EXERCISE DATA:

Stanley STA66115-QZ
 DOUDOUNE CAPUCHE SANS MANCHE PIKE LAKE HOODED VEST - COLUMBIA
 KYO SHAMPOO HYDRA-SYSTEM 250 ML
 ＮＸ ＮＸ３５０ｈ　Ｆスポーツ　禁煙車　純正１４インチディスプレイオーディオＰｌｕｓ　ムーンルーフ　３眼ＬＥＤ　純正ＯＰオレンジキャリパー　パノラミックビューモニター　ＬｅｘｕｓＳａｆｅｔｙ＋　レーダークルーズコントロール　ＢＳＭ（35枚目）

WHAT YOU HAVE TO DO: The full listing must come back exactly as given.

EXERCISE OUTPUT:
Stanley STA66115-QZ
 DOUDOUNE CAPUCHE SANS MANCHE PIKE LAKE HOODED VEST - COLUMBIA
 KYO SHAMPOO HYDRA-SYSTEM 250 ML
 ＮＸ ＮＸ３５０ｈ　Ｆスポーツ　禁煙車　純正１４インチディスプレイオーディオＰｌｕｓ　ムーンルーフ　３眼ＬＥＤ　純正ＯＰオレンジキャリパー　パノラミックビューモニター　ＬｅｘｕｓＳａｆｅｔｙ＋　レーダークルーズコントロール　ＢＳＭ（35枚目）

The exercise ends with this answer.